Canon 50mm F/1.8 STM Stan Horaczek
I’m a sucker for the 50mm field of view, so I have spent some time with just about every 50mm full-frame lens option that is available for Canon bodies. When the new “nifty fifty” was announced, I was pretty excited, and now that I have had some time to shoot with it in a variety of situations, I’m actually pretty impressed. Here are some sample images along with some shooting impressions. Look for our full lab test in the upcoming issue of Popular Photography.
All photos were shot on a Canon 6D and were exported at full resolution from Adobe Lightroom without editing (unless otherwise noted in the caption).
It seemed to me that the sharpness really maxes out around F/4. This was shot under bright, contrasty sunlight, which explains the super fast shutter speed. Even at F/5.6, it gives some nice separation between subject and background.
The entire bouquet of buoys is in very nice sharp focus and it has already begun to fall off before hitting that walk sign a few feet behind it. It didn’t draw a lot of contrast out of the flat scene, but that’s easily punched up later in post.

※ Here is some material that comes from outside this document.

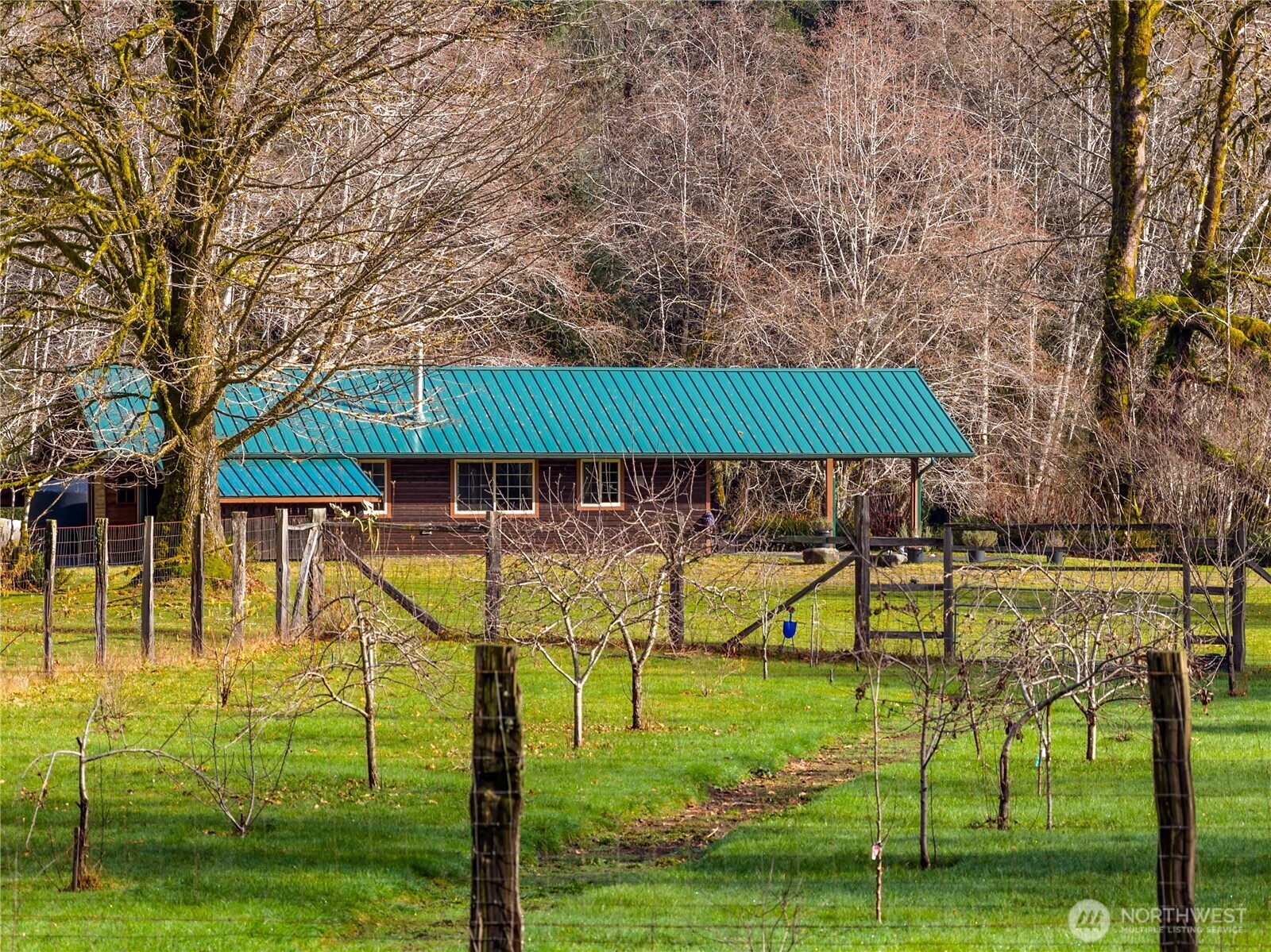 2298 Undie Road Forks WA 98331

The focus is set near the front-center of the main pink starfish and, as you can see, at F/2.8 we get a relatively shallow depth of field, which I find pretty pleasing. As we fall off into the blurry sections of the photo, the bokeh isn’t the smoothest I’ve seen, but it’s also not harsh, even with the bright neon colors.
It’s obvious that we’re not getting quite the same sharpness that it offers at F/4 and beyond, but the relative sharpness is still very acceptable.
At F/16, you get nice sharpness throughout the frame and, although I was expecting things to get a bit gnarly where the buildings hit the sky, the edges of the buildings actually seem surprisingly clean. You get a surprising amount of detail in the buildings even though they’re far off in the distance.
In this instance, I was curious what kind of vignetting we would get and I wasn’t surprised to see it start creeping in by F2.8. The 50mm F/1.8 has always had some vignetting, which I think a lot of people found to be part of its charm. The new STM version seems to continue that tradition, so if you’re one of those shooters who hates lens vignetting, you should be prepared to apply the lens profile in post, especially when you’re shooting wide open.
As you’d expect, the focus falls off extremely quickly, but the sweet spot of the image is actually very sharp. There’s a ton of detail in the engraved letters. It even handled those bright pink flowers hiding back in the bokeh rather well.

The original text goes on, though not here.